Yiddish, as Yelena Shmulenson explains, is such an expressive language that it simply sounds theatrical. To convey “I’m bored”, what comes out is “I feel like I’ve just died ten times.” Looking for a way to call someone an imbecile?  This show gives three dozen examples, the most extreme of which goes something like “Pet donkey of the Cantor of the Village of Chelm”.

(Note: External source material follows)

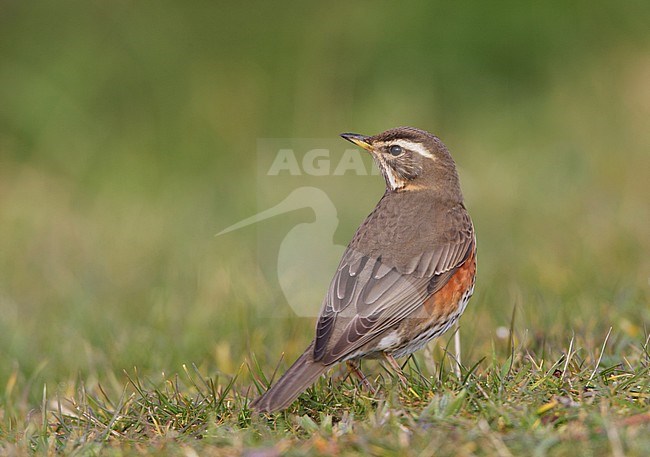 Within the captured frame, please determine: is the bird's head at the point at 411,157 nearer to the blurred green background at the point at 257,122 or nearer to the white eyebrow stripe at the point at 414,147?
the white eyebrow stripe at the point at 414,147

Given the wisdom (and sarcasm) of the language, Yiddish theater simply had to bloom.  But it almost failed when Abraham Goldfaden tried to birth a very poetic performance style in Romania in the 1870s.  Musicals worked much better!  Transplanting Yiddish theater to New York in later decades also almost failed, because the established German Reform Jews, full of horror at the accents and manners of their Eastern European cousins, paid a lead actress to stay home on opening night.  And yet, Yiddish theater succeeded in New York and had an incalculable effect on American plays and musicals to come.  To hear this amazing story, do yourself a favor and see Essence:  A Yiddish Theatre Dim Sum.

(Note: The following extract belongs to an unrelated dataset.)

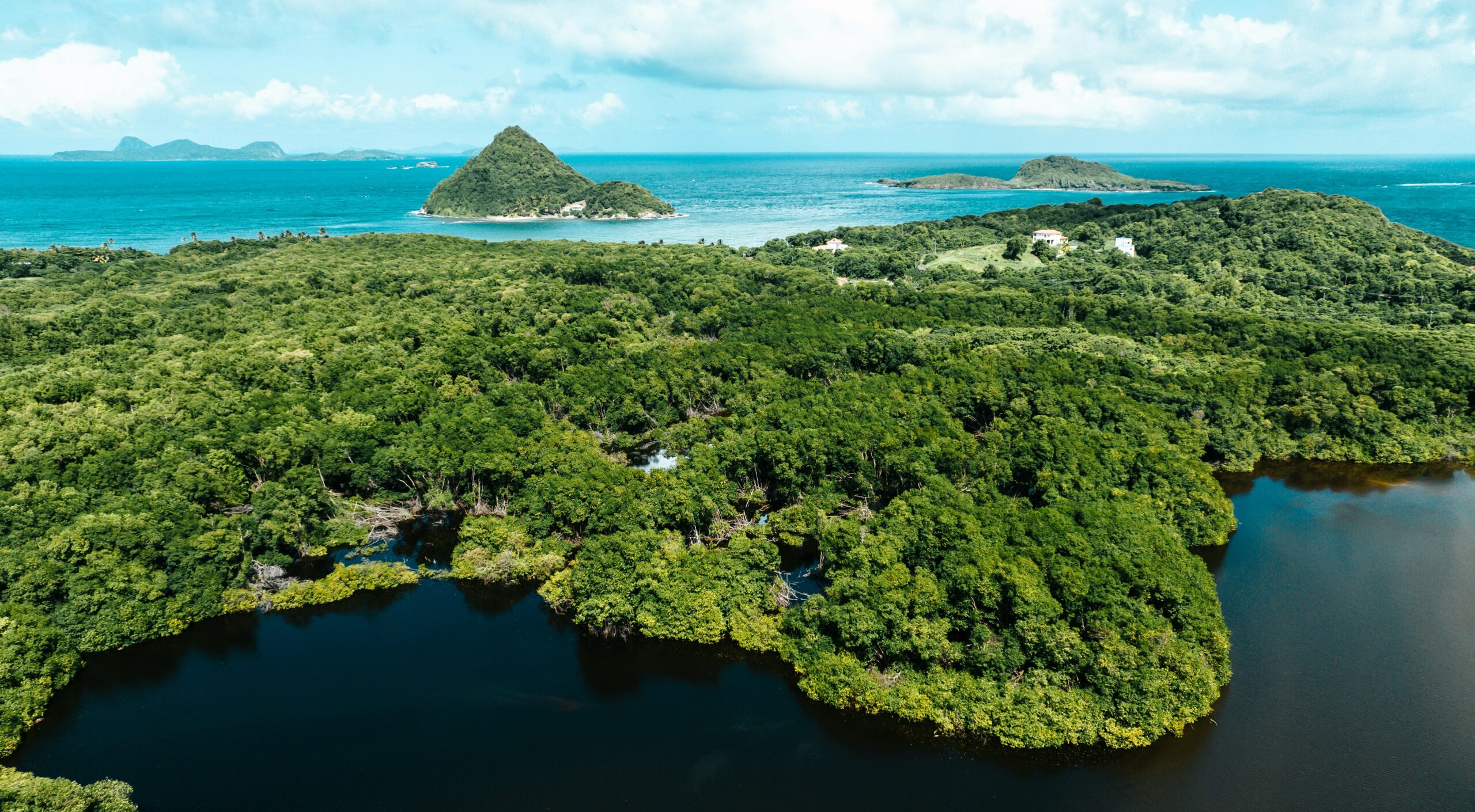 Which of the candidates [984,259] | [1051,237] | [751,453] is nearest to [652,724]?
[751,453]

Allen Lewis Rickman, Yelena Shmulenson (you might recognize them from the Coen Brothers film A Serious Man) and noted composer and accompanist Steve Sterner translate (verbally or with supertitles) some of the hit songs.  “Papirosen” (1920s), the story of a homeless orphan who sells cigarettes, is revealed to be so sentimental it’s funny.  You can tell that this show is not just for the old timers , and since there are over 3 million Yiddish speakers alive today (enough to motivate Christian missionaries to keep printing Yiddish versions of the New Testament) why not  give younger fans something they can relate to? To see the emotional range of the cast, contrast “Papirosen” with the truly sad Holocaust ballad “Dona” (1940). 

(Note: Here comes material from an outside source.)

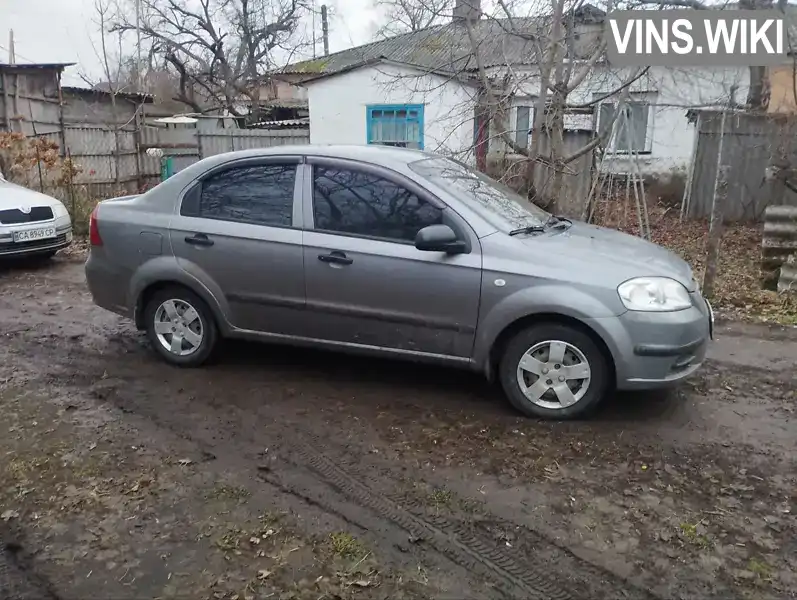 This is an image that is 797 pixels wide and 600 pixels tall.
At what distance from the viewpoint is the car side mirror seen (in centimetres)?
425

We are also treated to examples of Yiddish melodrama and musical revues on three continents down to the end of the 20th Century, plus Dzigan and Shumacher’s  classic “Einstein Weinstein” routine.   It wasn’t all laughs, fortunately; when the great Jacob Adler wanted to do The Merchant of Venice on Broadway, he played Shylock in Yiddish beside an English-speaking cast. Rickman, Shmulenson and Sterner bring their vitality (and ability to change costumes every two minutes) to a genre that is still appreciated and bursting with things to offer today’s audiences.  Their joy in what they do and happiness for the success of Yiddish theater in inhospitable places (believe it or not, Israel once banned the language) makes you want to laugh and cry.